An AI data centre – imagine a factory of buzzing wires and computing equipment cooled by industrial fans – can consume as much power as a city. It has been estimated that, not too long from now, we’ll require 92 cities’ worth of extra power just to meet the demands of artificial intelligence. Ergo, the heat is on – but so, it is said, is a new cold war.
On Radio 4 last week, Misha Glenny was exploring how the rapid evolution of technology is shaping the rivalry between the US and China. It turns out that the race for pre-eminence – in AI, at least – is as close as the 1973 Grand National. Red Rum (China) has the current lead, but that lead is ‘razor-thin’ and is thought to owe something to the nature of American tactics.
An astonishing 90 per cent of 14-year-olds in China are short-sighted
California-based AI giant NVIDIA is, at more than $4 trillion, the most valuable company in the world. But the Americans’ decision to block the export of their high-end chips to China is said to have propelled the creation of Chinese rival DeepSeek. The latter, made at a fraction of the price, can apparently do the same number of things using a far smaller number of chips, and looks set to have the longer-term economic advantage.
If you are wondering where we come into this, it is worth listening back to the third episode, ‘Europe’s AI Challenge’. Glenny informed us that, while US investments in AI start-ups over the past decade exceeded $471 billion, and China put in $119 billion, the UK was third with $28 billion – which is still a lot more than Germany, Europe’s lead investor. The main cause of the discrepancy? A relative lack of spending here by pension-fund assets.
A question that was never explicitly asked but hovered over the series is whether all this money is well spent. Glenny and his interviewees offered much for the AI-sceptic to chew on; there was a particularly good discussion about the frankly terrifying use of AI chatbots on political websites to influence voting choices. There was also an acknowledgment of the ugliness of a superpower flexing its digital muscle over poorer countries. Although the focus of the series was on the economic and geopolitical consequences of the tech race, it would have been good to hear a little about its cultural impact. There was an allusion to the literal chopping-up and scanning of authors’ books by Anthropic, but not to the successful lawsuit against that company, from which many authors, including me, are due a small pay-out.
AI aside, the series was brilliant on the rivalry over robotics, particularly humanoid. You would assume that China is light years ahead here, and it is, but according to a professor at UCL, the Chinese companies are excellent at building the bodies, less so the brains, for which the US has the more profitable lead. This must bother the Chinese because they are eager to corner the market on humanoids that can be trained to care for the elderly. The number of over-sixties in China is expected to exceed the total population of the US within the decade. It is surely only a matter of time before robots are manning homes for OAPs from Chongqing to Carshalton.
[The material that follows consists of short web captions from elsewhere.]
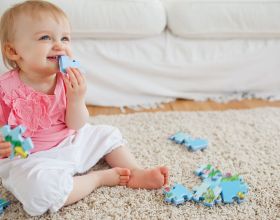 你瞭解荒漠草原嗎？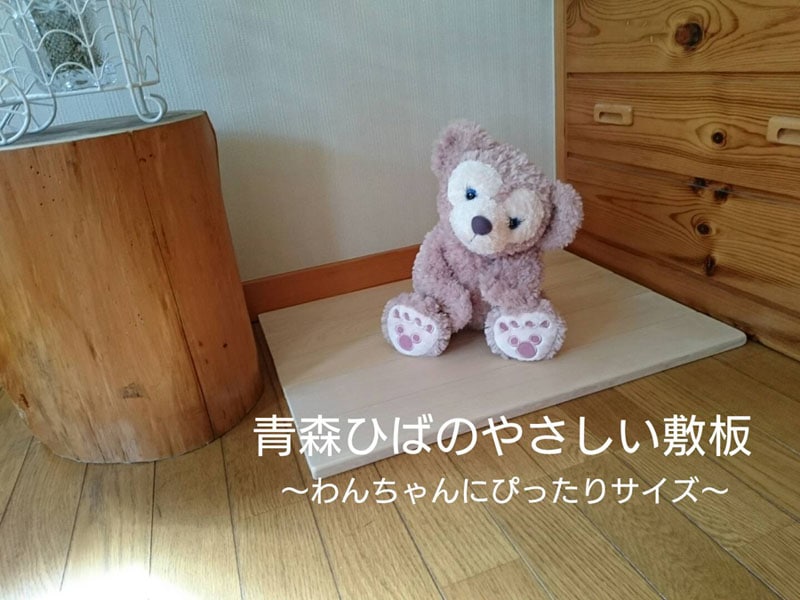 �Ҥ����� S��������̾�������ͭ
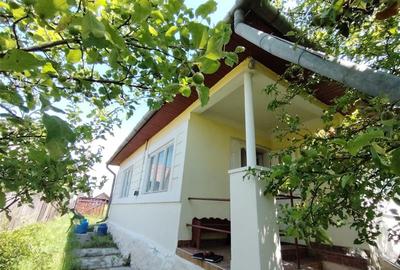 Casa de locuit (Ditrau, str. Livezii) - 3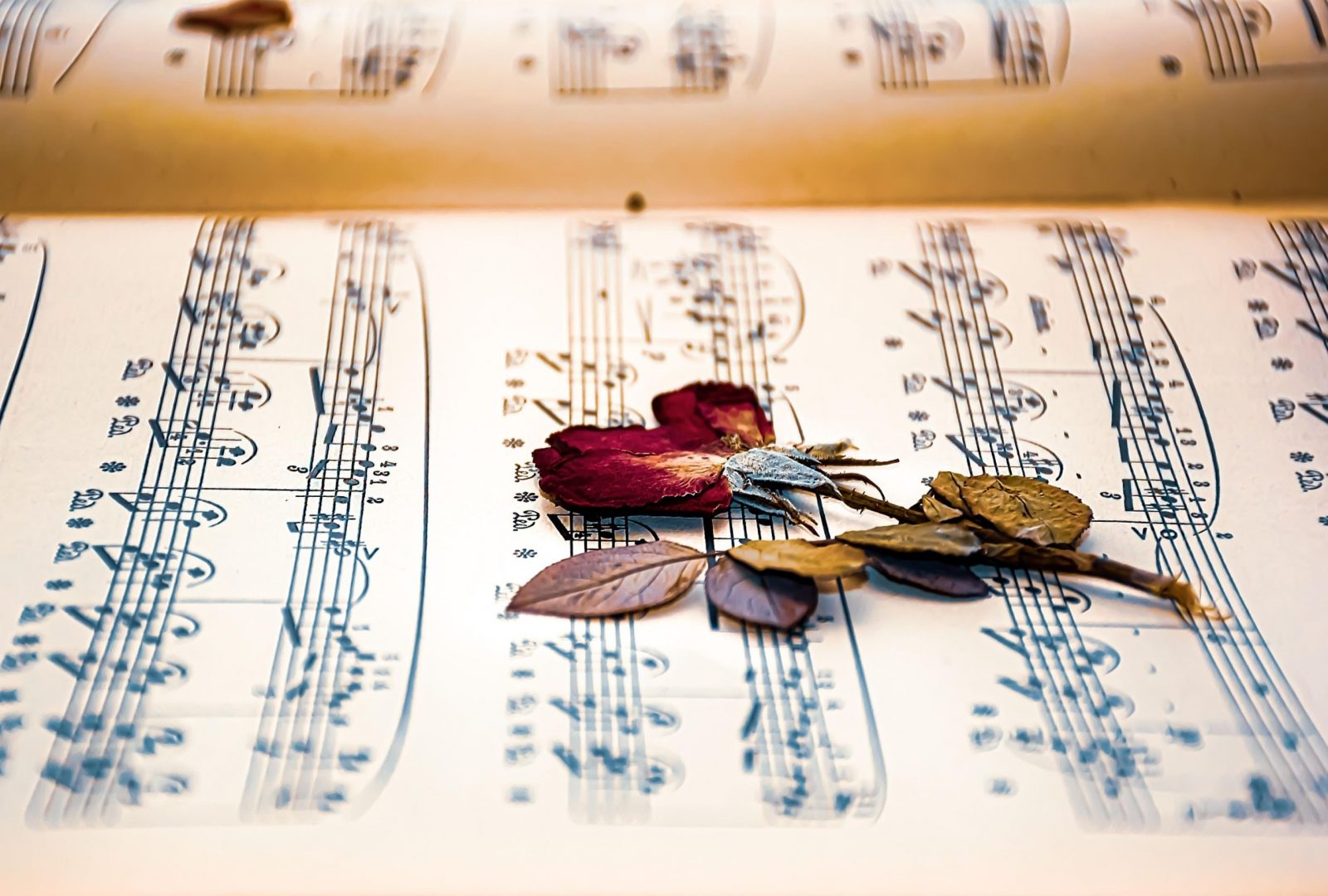 « Thérapie lyrique » avec l’ensemble Brin de voix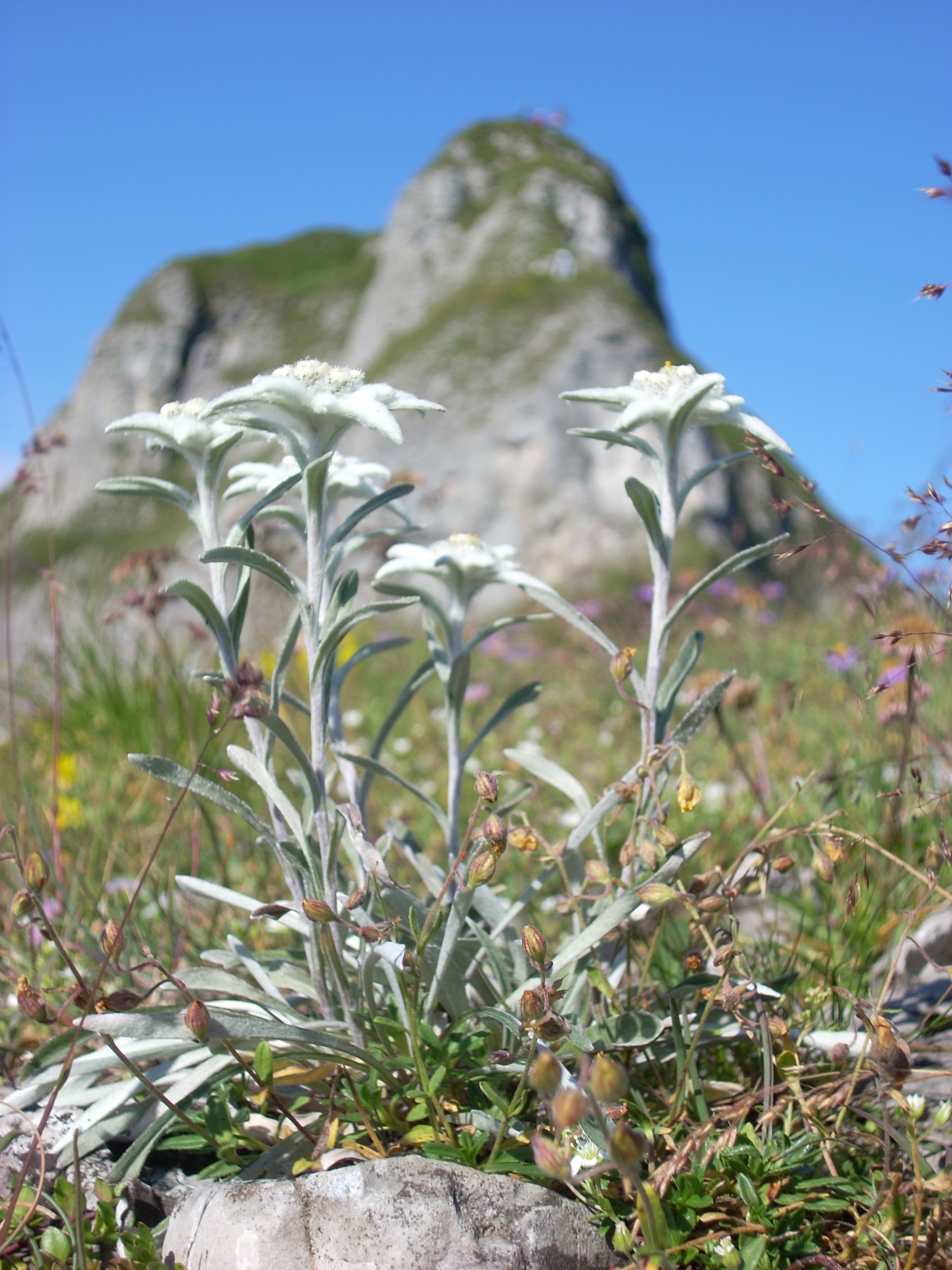Семена эдельвейс альпийский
For the elderly and the short-sighted – which includes an astonishing 90 per cent of 14-year-olds in China and many other countries in the east – AI may also come up trumps. In Radio 4’s Sliced Bread slot last week, we were served ‘Dough’ – a sub-series on products of the future, which really ought to have been called ‘Toast’. Anyway, one of the topics up for discussion with host Greg Foot was smart glasses, which have largely made headlines for adorning the faces of creeps.
The VP of ‘Wearables’ at Meta was eager to defend their specs from all such associations. There is, he said, an LED that flashes to warn people when the glasses are recording video. But as Foot pointed out, there are forums all over the internet with details of how to disable that feature. It’s obviously in Meta’s interest to correct the bug and allay people’s concerns about finding unauthorised footage of themselves online.
I was actually more persuaded of the value of this technology by the optometrists interviewed for the programme. Recording video, scrolling the internet and taking calls through your glasses is all very well, but having your glasses read the ingredients on a label or the contents of a letter might be a lifeline for the visually impaired. The next question may well be, what do you trust more, your glasses, or your humanoid carer?